Supplied records:
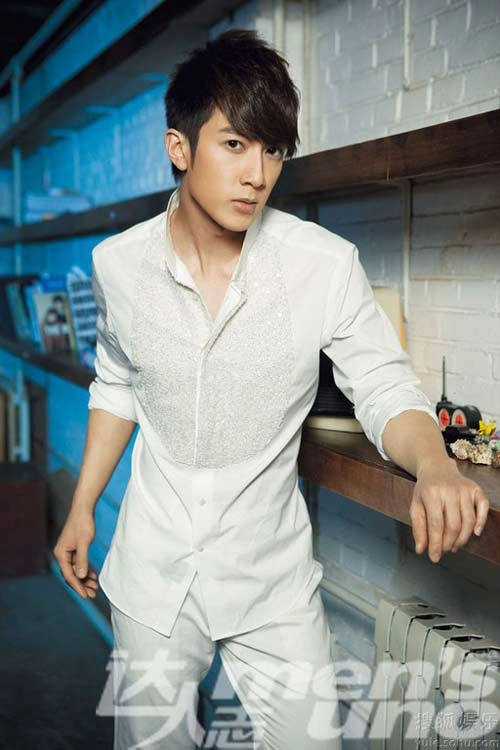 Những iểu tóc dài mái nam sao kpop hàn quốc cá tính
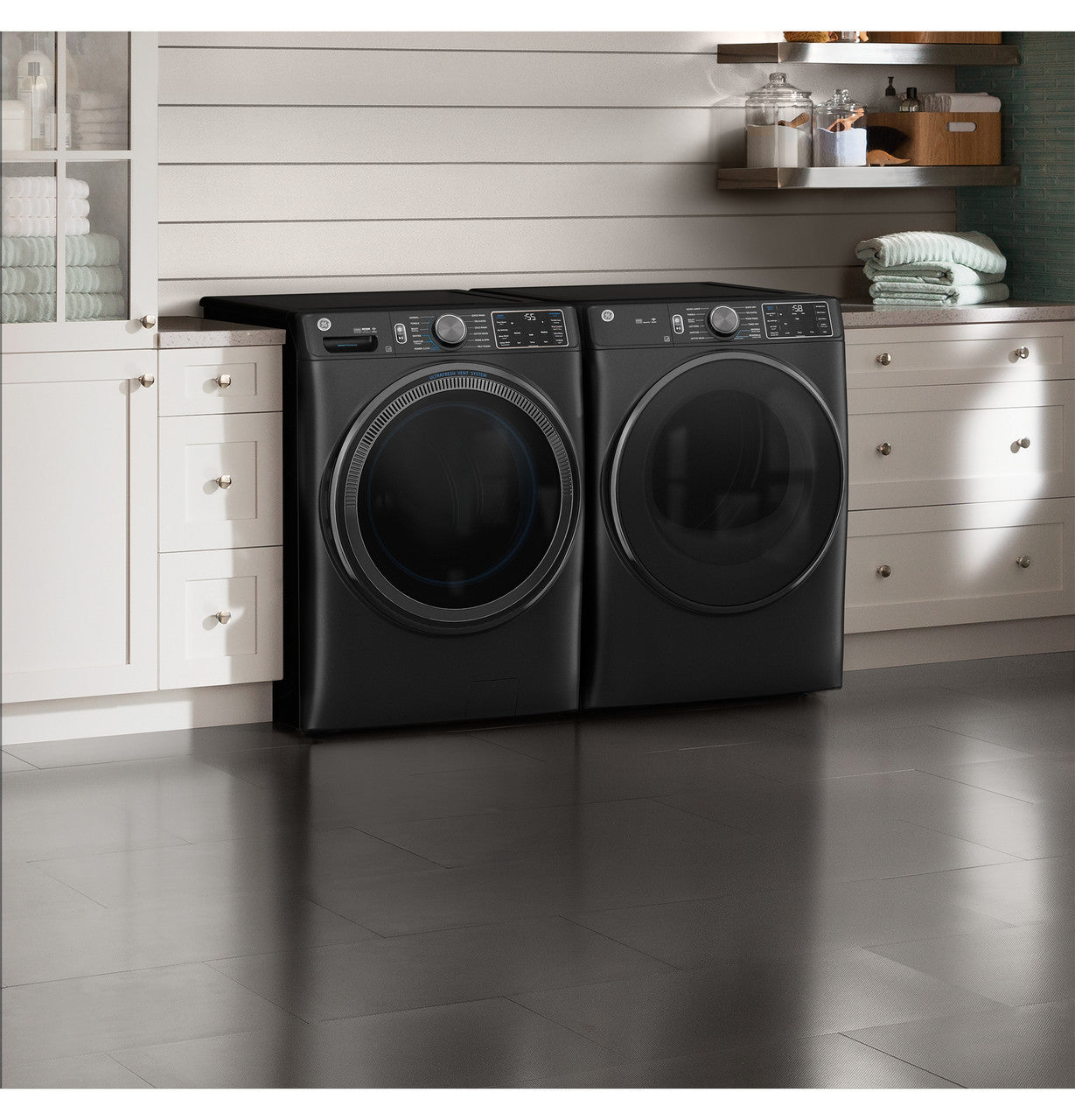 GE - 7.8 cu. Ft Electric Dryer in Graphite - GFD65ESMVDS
--
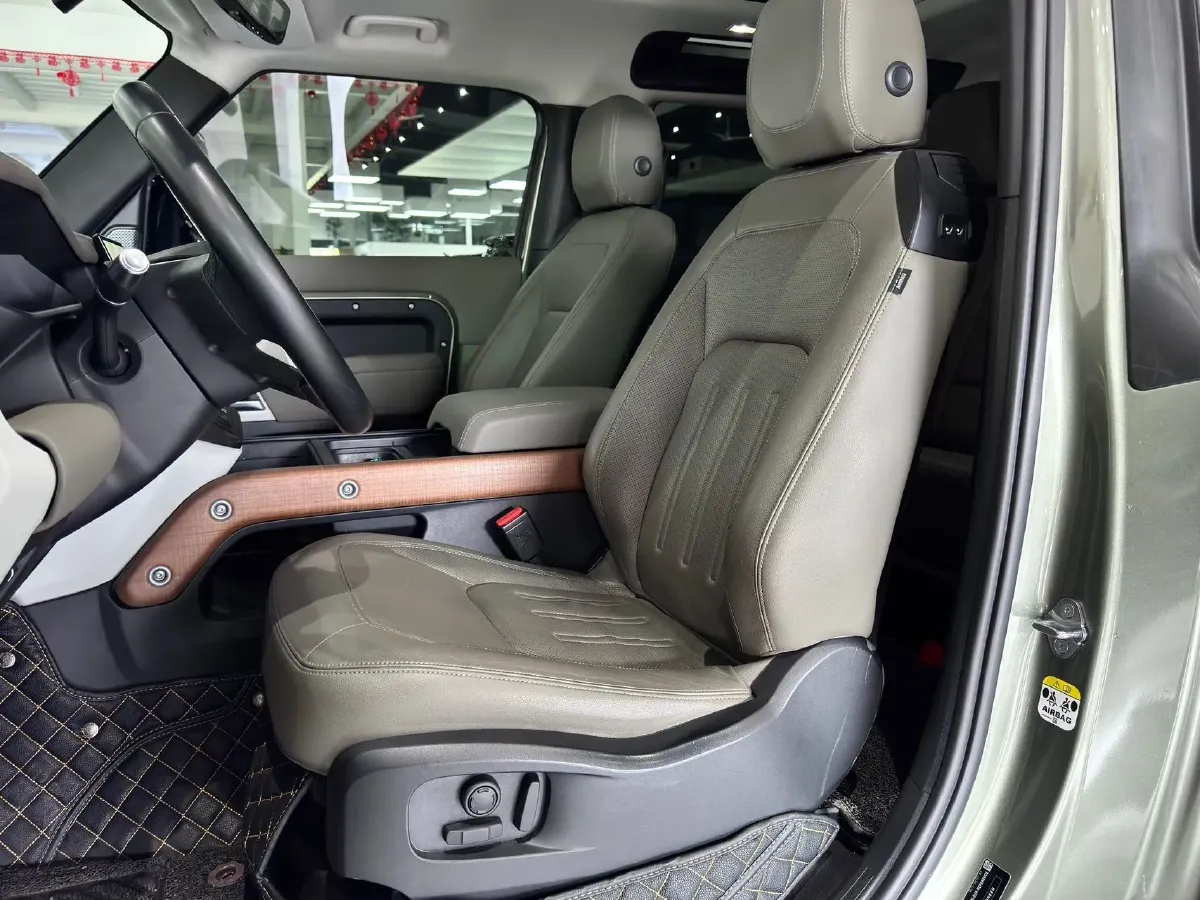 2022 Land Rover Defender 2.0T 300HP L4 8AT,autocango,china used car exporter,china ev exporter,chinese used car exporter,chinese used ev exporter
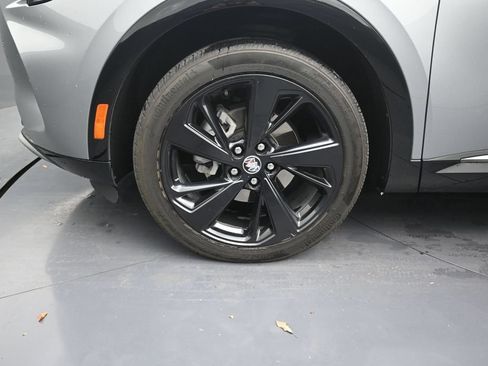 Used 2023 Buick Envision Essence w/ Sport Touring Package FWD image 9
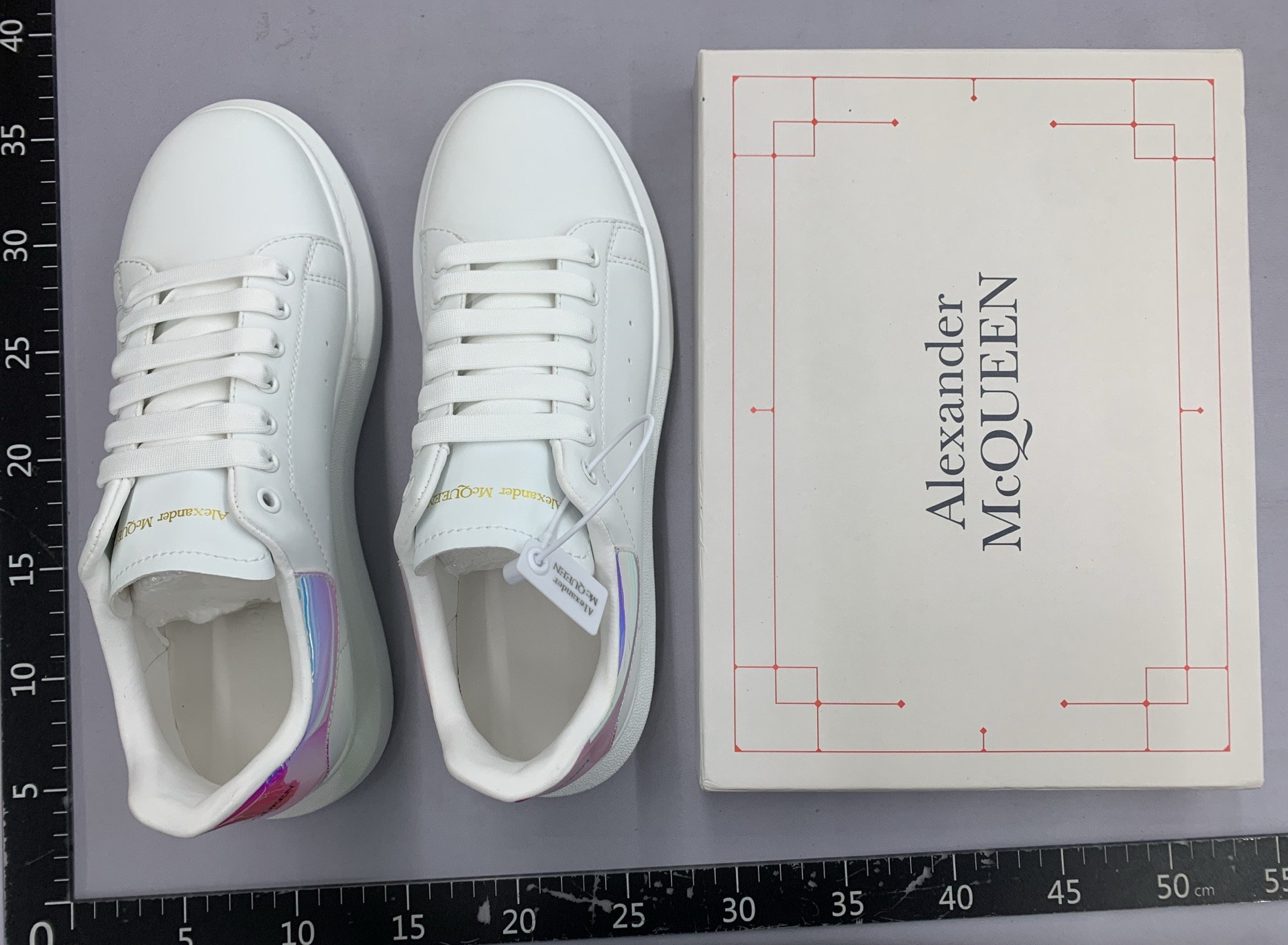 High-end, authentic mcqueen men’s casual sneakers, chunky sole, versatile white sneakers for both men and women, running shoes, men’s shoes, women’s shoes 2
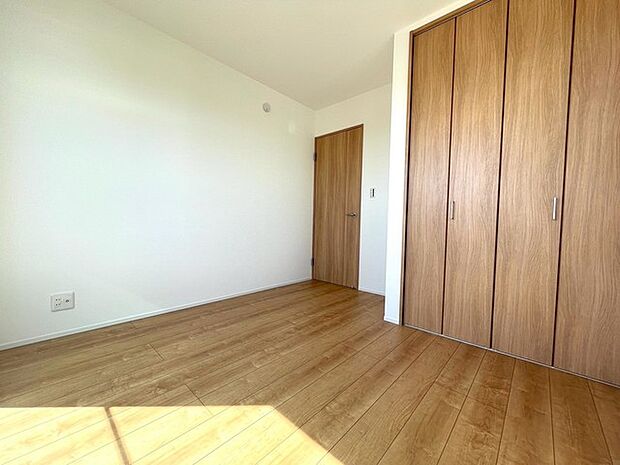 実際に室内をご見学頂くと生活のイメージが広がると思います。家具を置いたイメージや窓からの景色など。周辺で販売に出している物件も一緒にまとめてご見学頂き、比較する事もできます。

What to work on:
After locating "Những iểu tóc" and "GE - 7.8 cu." in the records above, return exactly the line holding each one and every line between them; leave out the pictures.

Answer:
 Những iểu tóc dài mái nam sao kpop hàn quốc cá tính
 GE - 7.8 cu. Ft Electric Dryer in Graphite - GFD65ESMVDS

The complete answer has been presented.